To study how Bennu and other similar asteroids may change, however, he and his colleagues needed to take a peek inside.

This is where the team got lucky. When OSIRIS-REx first arrived at Bennu, the spacecraft spotted something unusual: Over and over again, tiny bits of material, some just the size of marbles, seemed to pop off the asteroid and into space. In many cases, those particles circled Bennu before falling back down to the surface. Members of the mission's radio science team at JPL were able to witness how the body's gravity worked first-hand -- a bit like the apocryphal story of Isaac Newton inferring the existence of gravity after observing an apple falling on his head.

"It was a little like someone was on the surface of the asteroid and throwing these marbles up so they could be tracked," Scheeres said. "Our colleagues could infer the gravity field in the trajectories those particles took."

Squishy center

In the new study, Scheeres and his colleagues combined those records of Bennu's gravity at work with data from OSIRIS-REx itself -- precise measurements of how the asteroid tugged on the spacecraft over a period of months. They discovered something surprising: Before the mission began, many scientists had assumed that Bennu would have a homogenous interior. As Scheeres put it, "a pile of rocks is a pile of rocks."

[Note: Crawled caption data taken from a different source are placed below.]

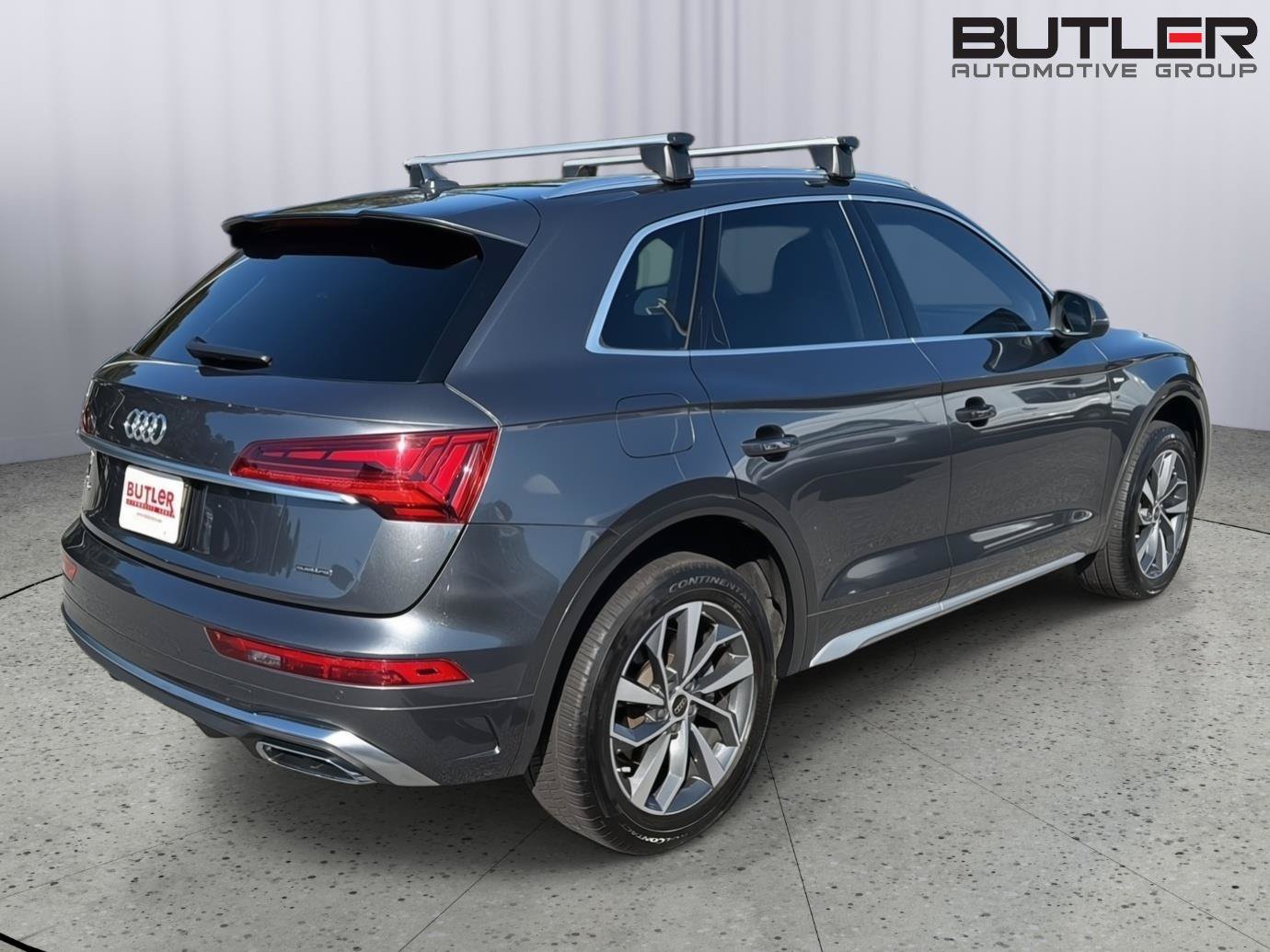 Used 2023 Audi Q5 2.0T Premium Plus w/ Premium Plus Package AWD/4WD image 6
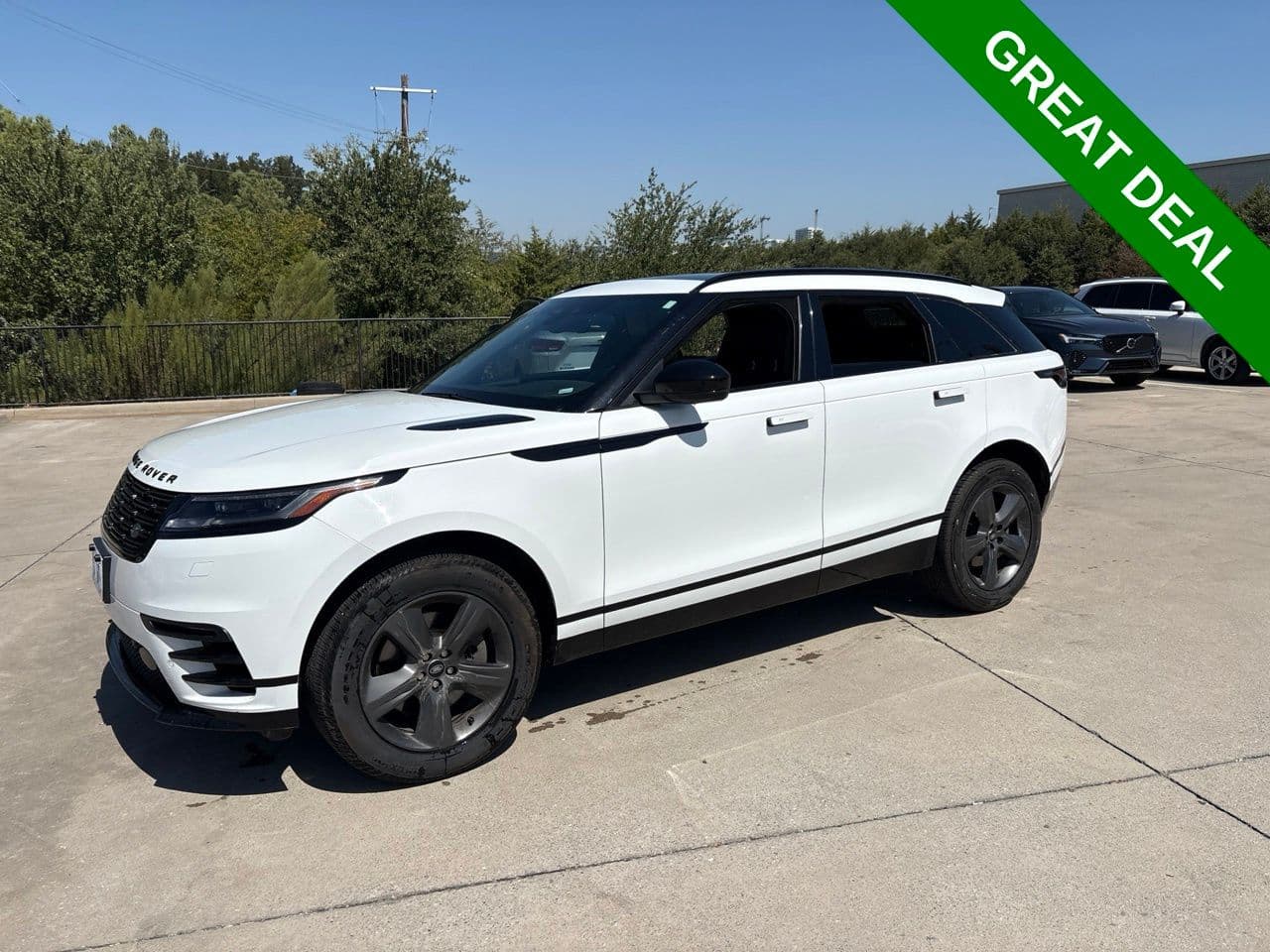 2025 Land Rover Range Rover Velar Dynamic SE — photo 1 of 26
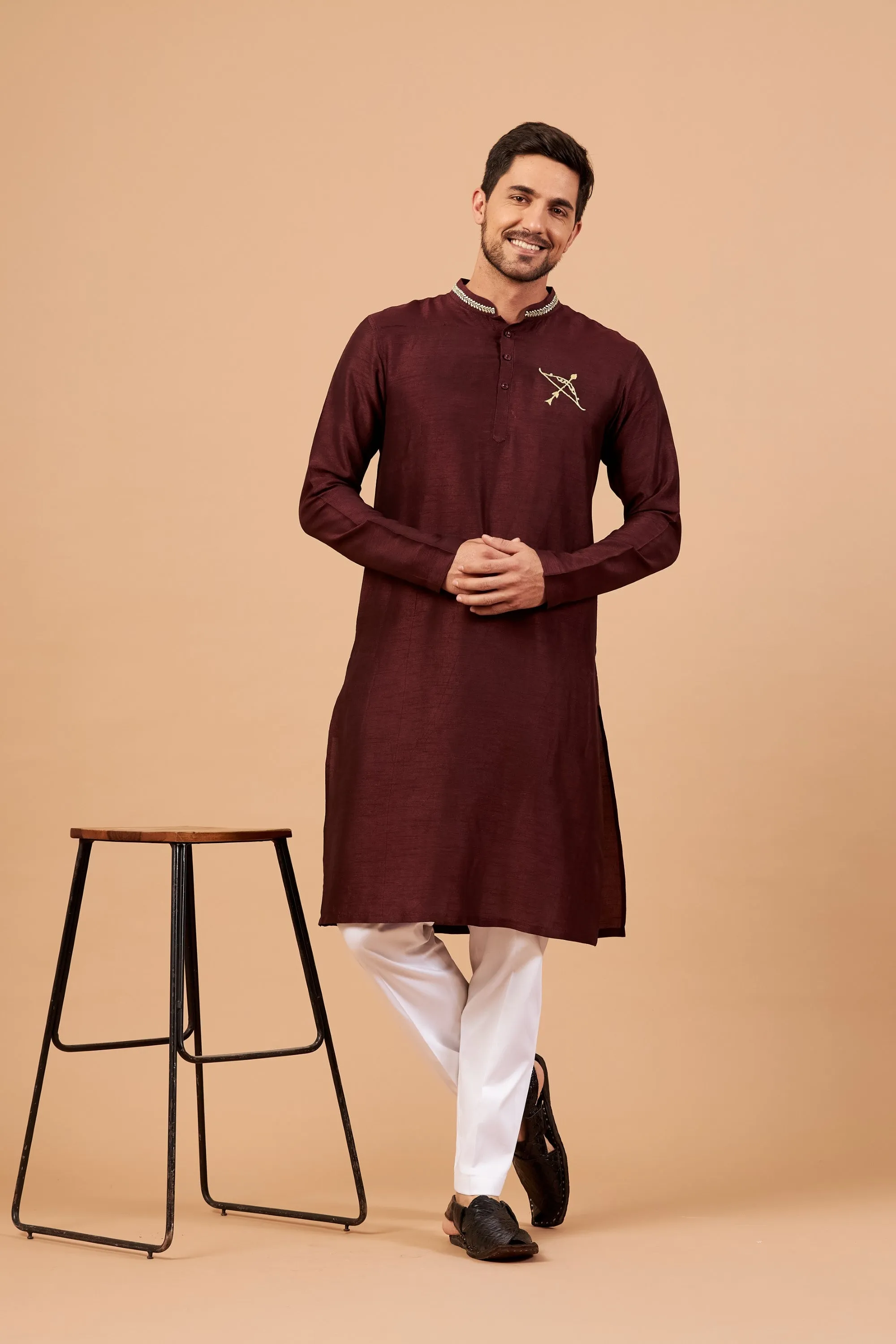 Men's Maroon Color Adira Gold Zari Embroidered Kurta Semi Raw Silk Mix - Hilo Design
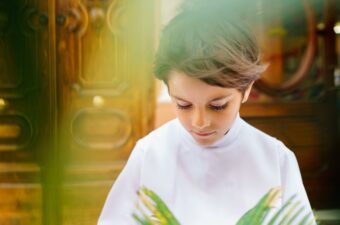 Festeggiare La Comunione al Parco Urbano Sette Nani – Fotografo Comunione Portici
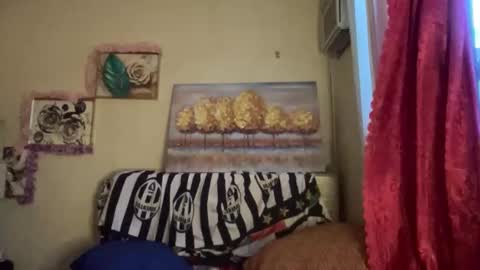 miss_veron_xoxo online show from 11/28/25, 08:28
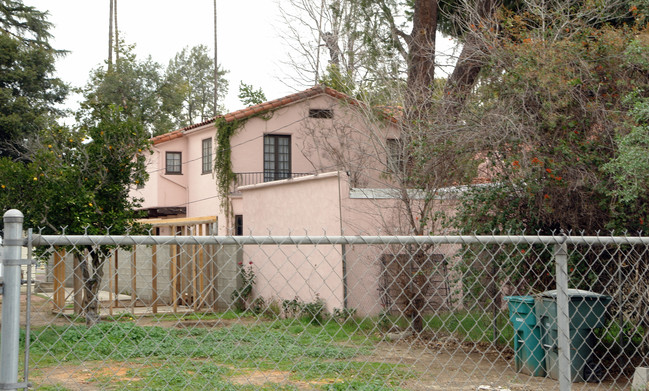 377 W 17th St in San Bernardino, CA - Foto de edificio - Building Photo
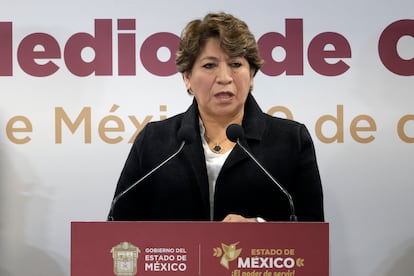 La gobernadora Delfina Gómez, habla durante una conferencia de prensa hoy, en la Secretaria de Seguridad de la ciudad de Toluca, Estado de México (México).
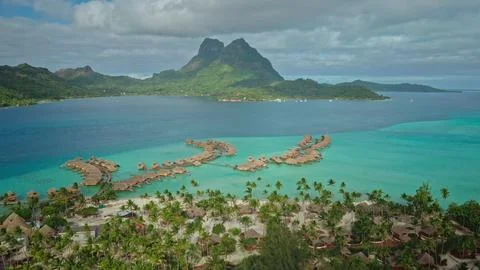 Bora Bora mount Otemanu dominating luxury overwater bungalows resort Stock-Fotos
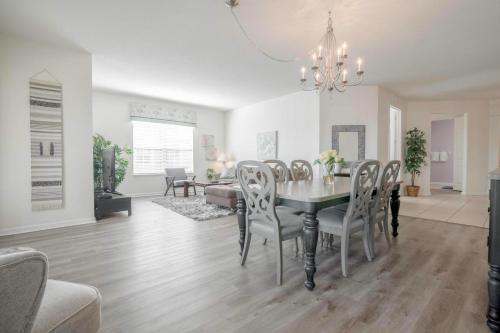 New! Sensational Vista Cay Lake View Escape Near all theme Parks walk to the Convention Center and Intl Drive in Orlando, USA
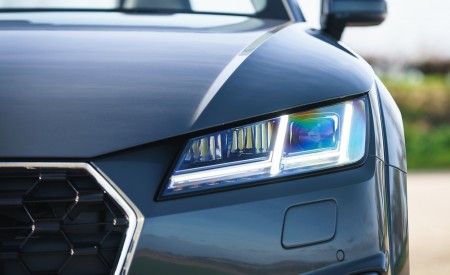 2019 Audi TT Roadster (UK-Spec) Headlight Wallpapers 450x275 (100)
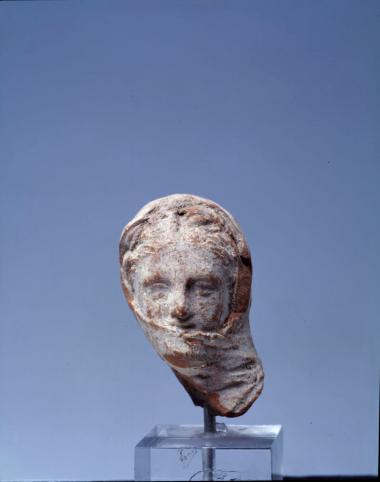 Τμήμα επιτύμβιας στήλης με απεικόνιση γενειοφόρου ιματιοφόρου άνδρα.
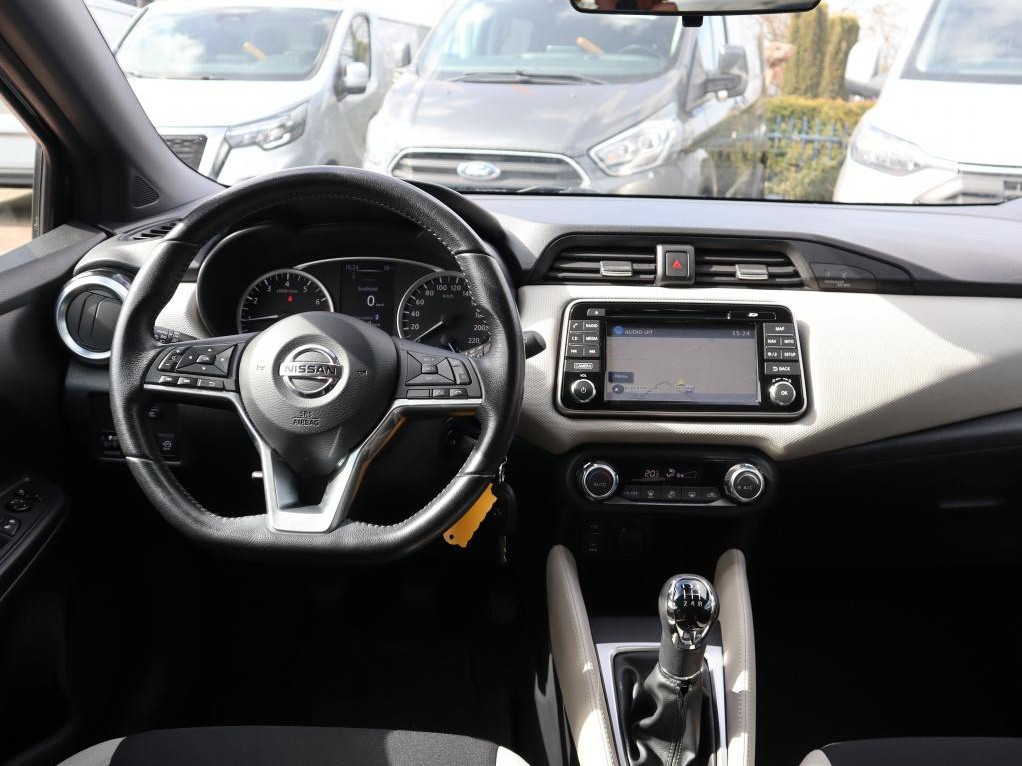 Nissan Nissan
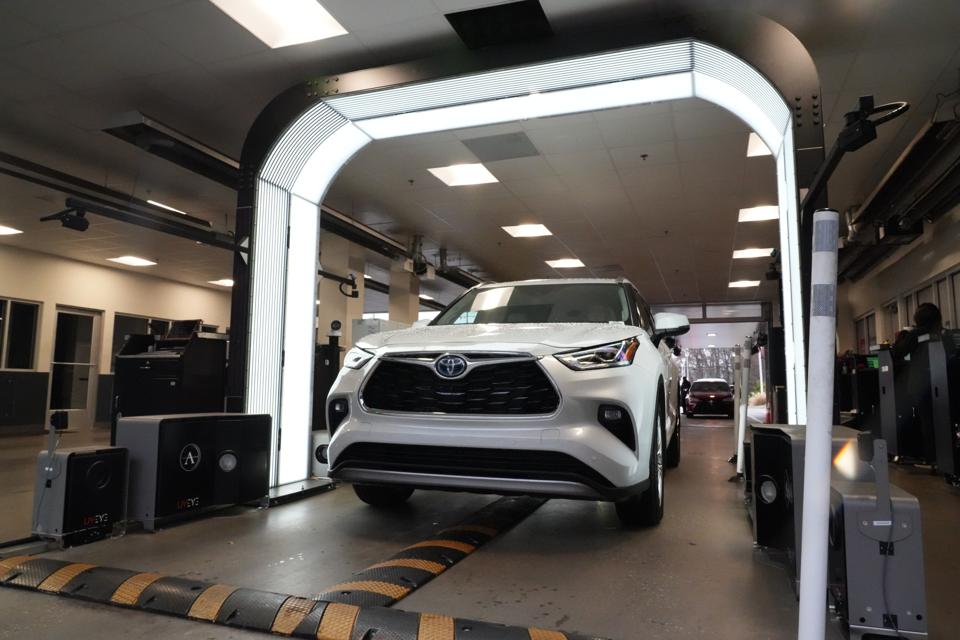 Toyota Pimpin Pendanaan Besar untuk Teknologi Inspeksi Kendaraan Berbasis AI UVeye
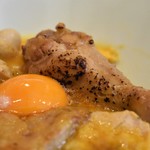 とん唐てん - 一黒軍鶏　特製炙り親子丼　新感覚親子丼フォアグラ入り(手羽元)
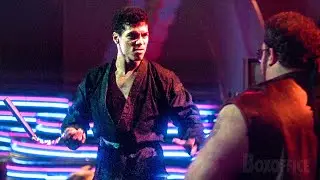 Bruce Leroy e seus alunos VS A galeria desonesta | O &Uacute;ltimo Drag&atilde;o | Clipe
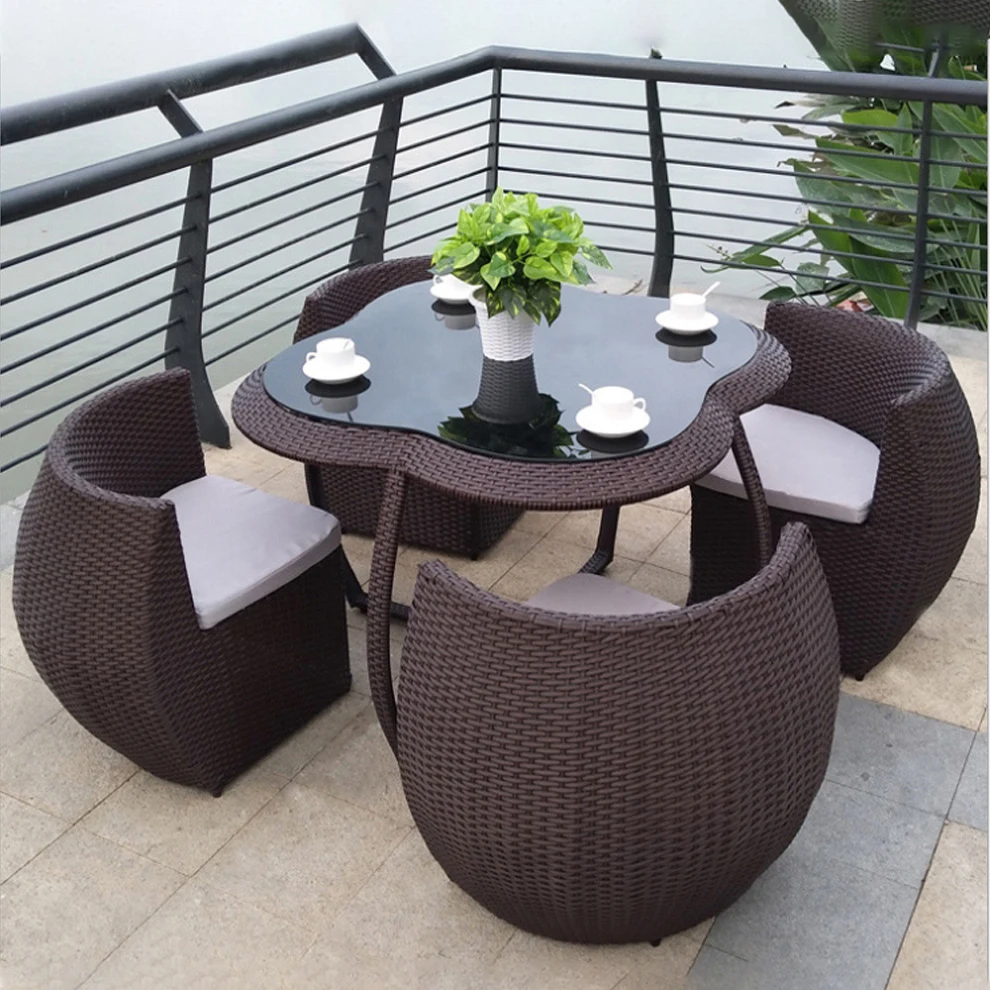 Outdoor Furniture Rattan Garden Wicker Table and Chair for Coffee Shop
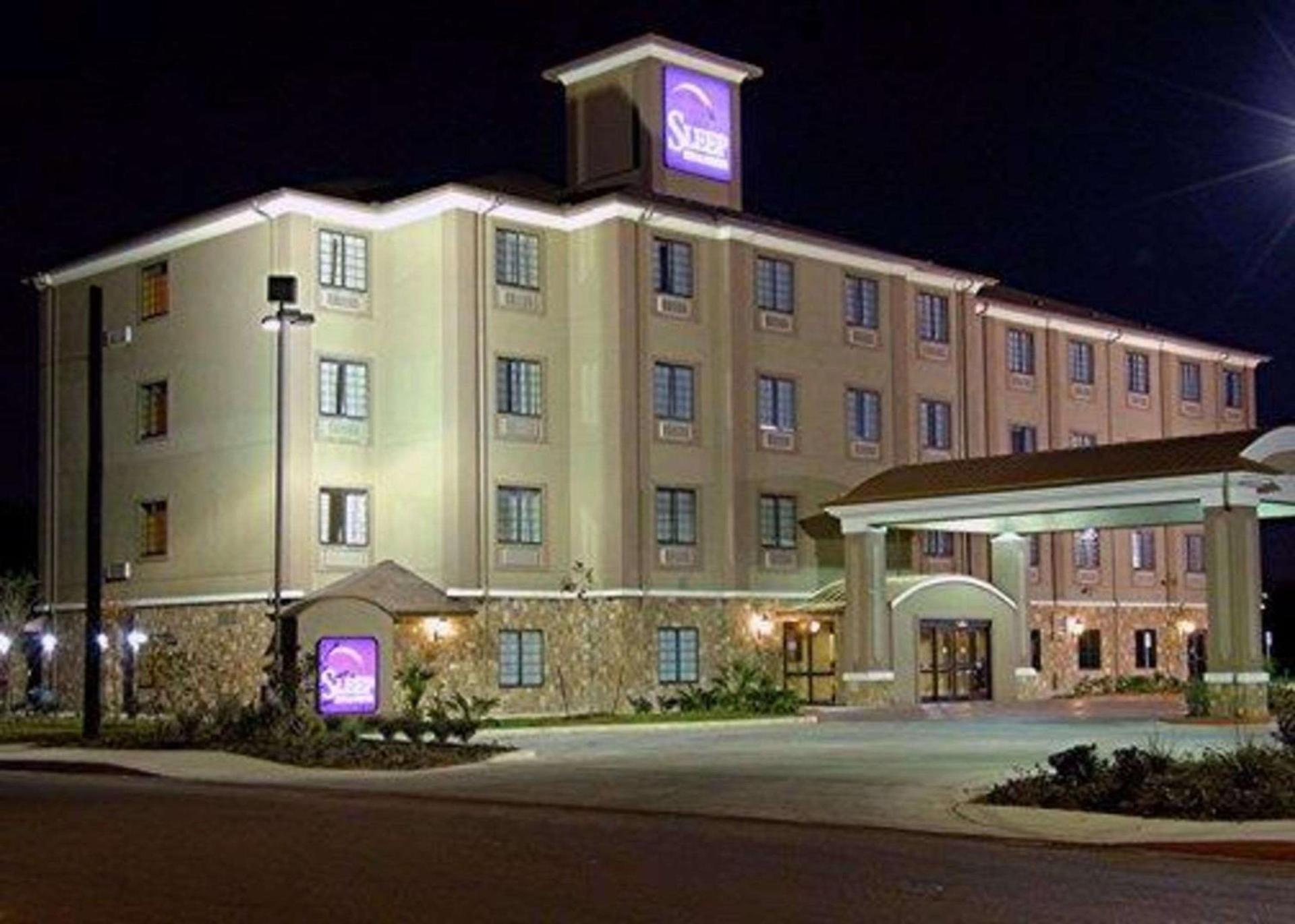 Sleep Inn & Suites at Six Flags photo 2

But the gravity field measurements suggested something different. To explain those patterns, certain chunks of Bennu's interior would likely need to be more tightly packed together than others. And some of the least dense spots in the asteroid seemed to lie around the distinct bulge at its equator and at its very core.

"It's as if there is a void at its center, within which you could fit a couple of football fields," Scheeres said.

The asteroid's spin may be responsible for that void. Scientists know that the asteroid is spinning faster and faster over time. That building momentum could, Scheeres said, be slowly pushing material away from the asteroid's center and toward its surface. Bennu, in other words, may be in the process of spinning itself into pieces.

"If its core has a low density, it's going to be easier to pull the entire asteroid apart," Scheeres said.

For the scientist, the new findings are bittersweet: After measuring Bennu's gravity field, Scheeres and his team have mostly wrapped up their work on the OSIRIS-REx mission.

Their results have contributed to the mission's sample analysis plan, which is currently in development. The returned sample will be analyzed to determine the cohesion between grains -- a key physical property that affects the mass distribution observed in the team's study.

"We were hoping to find out what happened to this asteroid over time, which can give us better insight into how all of these small asteroids are changing over millions, hundreds of millions or even billions of years," Scheeres said. "Our findings exceeded our expectations."